Despite being known for comedies such as The Hangover, Due Date, and Road Trip, director Todd Phillips turns his hand to a darker and more dramatic style of filmmaking and at the helm of this incredibly dark film, he steers the ship quite spectacularly as he succeeds in slowly building a menacing, moody, disturbing, unnerving and unpredictable atmosphere and although he sometimes allows the pace to slacken and drag here and there, he makes sure that there’s always something interesting happening on screen and he is fully committed to making Joker as uncompromisingly bold and dark as possible, not concerned with tired universe building or typical audience-pleasing superhero antics, instead just focusing on creating a standalone drama about an ordinary man’s descent into villainy. He’s also adept at creating an air of mystery because often, we are left uncertain of what is real and what is being imagined by Arthur and when handling the violence, Phillips cleverly leaves some attacks off-camera, letting us use our own imaginations, while he makes the onscreen kills as shocking and as bold as possible.

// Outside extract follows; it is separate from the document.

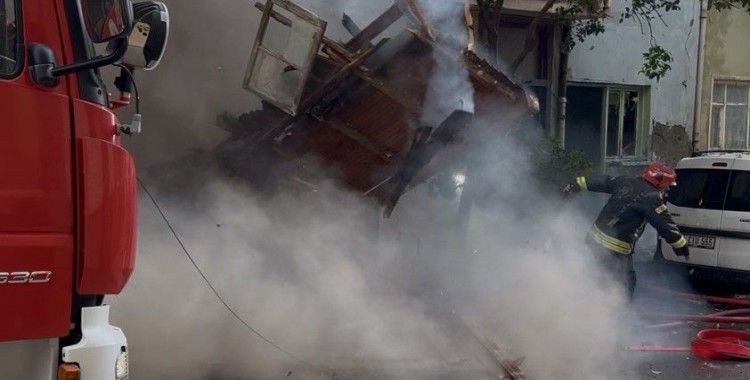 Kocaeli’de 2 ev alev alev yandı: Yanan ahşap ev duvarı 2 itfaiye erinin üzerine düştü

Joker is also admirably designed as the cinematography is pleasing and the production design allows for a slightly different kind of Gotham than we’ve seen before, but above all else, Hildur Guðnadóttir’s score is remarkable and is an ideal companion to all the dark action that unfolds on screen; as it was in Day of the Soldado, she heavily favours the cello and many other “downbeat” instruments for a moody, heavy, dirge-like sound but although this style of music was overused in Soldado, it seems to fit more into this particular film and when played alongside footage of Joaquin Phoenix dancing or just going about his daily life, the film is given such raw power and a hypnotic, moody edge so because of this, Guðnadóttir will almost certainly be given a look-in at the major award ceremonies.
And regarding the depiction of violence, I can understand how people might take offence to it, seeing as how we seem to live in a scary era of mass shootings and increasingly violent behaviour, but there are far more violent and provoking films out there than Joker and I believe that there was nothing wrong with this film’s level of violence – as the first entry under the “DC Black” label, it aims to be a dark film that adds a little more bloodshed, grit and bad language into the Batman universe and I for one would welcome another film like this. It’s better than most things that the DCEU has come up with, anyway.